In this piece I will look at Sport Psychology theory with cited examples of how they can be utilised in an applied setting across different levels of sports performance.

The Self-Determination Theory (Deci & Ryan 2000) states that three core elements are essential for players having an inner determination or intrinsic motivation to train and compete. These are competence, autonomy and relatedness.

Competence by definition is the feeling of perceived success in something people do.

Within one group of special needs children I had the pleasure of coaching, lay a girl who was on the autistic spectrum. Trying to get her to participate was extremely difficult, she was quite clumsy and was extremely harsh on herself in regard her self-talk. Out of chance she ventured into goals for a game, bravely threw herself in the way of a number of goal bound efforts and essentially carried out the key role of a goal keeper successfully.

This three minute stint had a powerful effect. In the following sessions instead of trying to make excuses not to take part, she was in fact first there. In addition, she purchased herself a pair of goal keeper gloves. Why? Because she was having the associated feelings of success. This sense of competence was a stronger motivating factor than feedback or reinforcement I as a coach could ever give.

Moreover we as coaches have an integral role in developing competence, based upon on how we set up our coaching sessions. With children a key facet in this is the art of differentiation. Essentially setting up your coaching session in such a way that every child is achieving some form of success. This may be the same exercise with each child having a different target relevant to their ability levels. Yet when each child reaches their target this must be celebrated in equal measures.

When an individual/ team is low in confidence, one significant reason for this is a perceived lack of recent competence. e.g. a forward line struggling to get scores. A method to increase their competence could be within a coaching session to overload forwards against defenders in order to give them the opportunity to experience more success.

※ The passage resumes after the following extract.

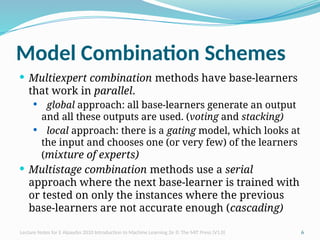 Comprehensive Overview of Combining Multiple Learners in Machine ...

Autonomy  is where people feel control over their own behaviours.

The use of open-ended questions is a great way of instilling this: e.g. Why was it a good pass? Or what would be a better next time? Often as coaches we are so keen to correct mistakes that we are “commentating” and telling players what to do. By players having to work it out for themselves, they are gaining ownership over their game and a sense of control over their own behaviours. In addition, this is a key step in establishing “thinking players”

With adult teams especially at a high level where more resources are available, video analysis is a powerful way of instilling autonomy.I know of one County GAA senior football team using this to great effect. They give the players clips of themselves in action which they have to view and actually feedback to their team mates. They also give units of the team clips and they feed back on patterns of play and movement. Although this may have elements of risk, if managed properly is an extremely effective way of instilling autonomy and again “thinking players.”

Relatedness is where people feel a sense of belonging or attachment to what they are doing. The following clip shows the power of sport to instil a sense of relatedness in human beings they may not get in other aspects of their lives.

As a coach I try to increase a sense of relatedness in my players by talking to at least four or five different players each session and actively listening to what they say. This also helps build up a sense of trust and shows your players you care.

Having all your team kitted out in the same training gear, team wrist bands and team buzz words based on your team principles are further examples to help this process. Additionally, further examples may be involving all the players in pre game huddles and not just the starting team, or at half time bringing all players into the changing room as opposed to just the starting team. The last thing a coach wants is two separate teams within one team.

Therefore we can see what the three strands of the Self-Determination Theory are and how by utilising them as coaches we can have more intrinsically motivated players.